India should take action against state-backed vigilantes active in the central state of Chhattisgarh, US-based Human Rights Watch (HRW) says.

Since 2005, security forces and members of the Salwa Judum militia group have killed and raped villagers, HRW says.

Salwa Judum was launched in 2005 to fight the Maoist rebels in the area.

HRW also says the Maoists have kidnapped and executed civilians and targeted people suspected of supporting Salwa Judum.

About 6,000 people have been killed in violence linked to the Maoist rebels in India over the past 20 years.

Eyewitness accounts

Chhattisgarh officials deny supporting Salwa Judum and describe it as a "spontaneous citizen's anti-Maoist movement".

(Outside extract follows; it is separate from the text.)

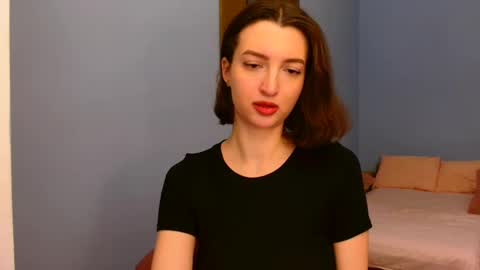 Snapshot of sweet_baby_miranda_ chatting on 19, 12, 2024 Miranda online show from 19, 12, 2024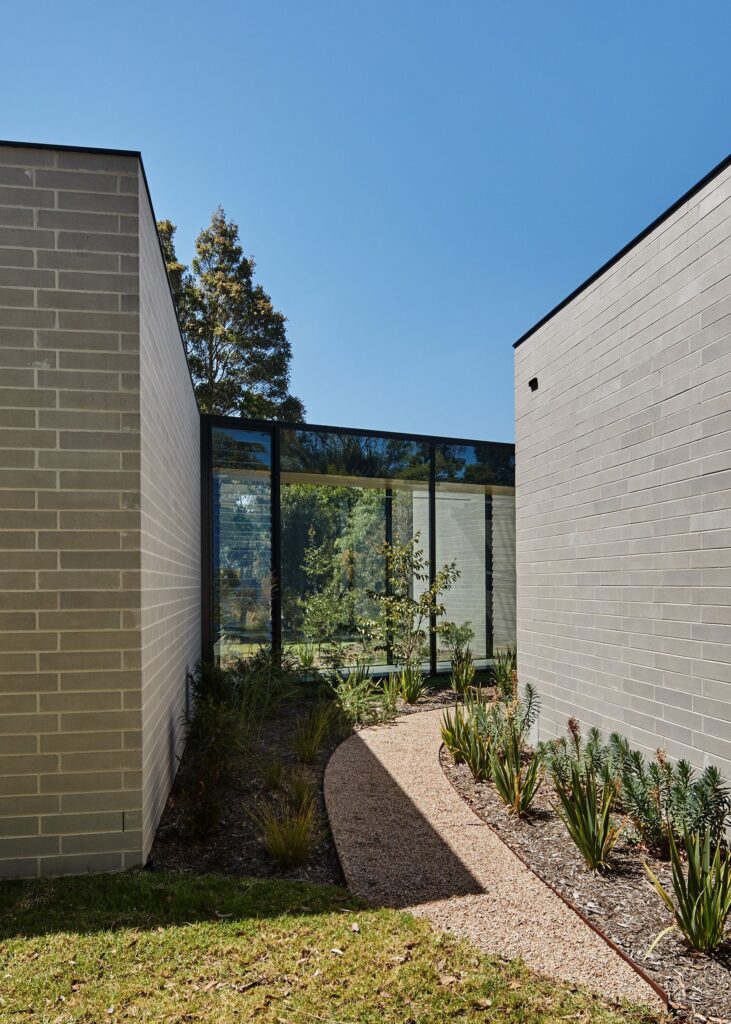 Mount Martha House elegant single storey holiday residence by Kister Architects 3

"Human Rights Watch has found that since mid-2005 government security forces and members of the Salwa Judum attacked villages, killed and raped villagers, and burned down huts to force people into government camps," a new report released by HRW in Raipur, capital of Chhattisgarh state, says.

The group says it has collected more than 50 eyewitness accounts of attacks involving government security forces in 18 different villages in Dantewada and Bijapur districts in Chhattisgarh.

"Judum and police came to our village... They beat the village official and the priest. They beat others also," the report quotes a villager who fled his village in Dantewada district as saying.

"The people who came to our village had bows and arrows, sticks, and the police had rifles. From our village they also raped a 20-year-old woman. They raped her and left her in the village itself," he said.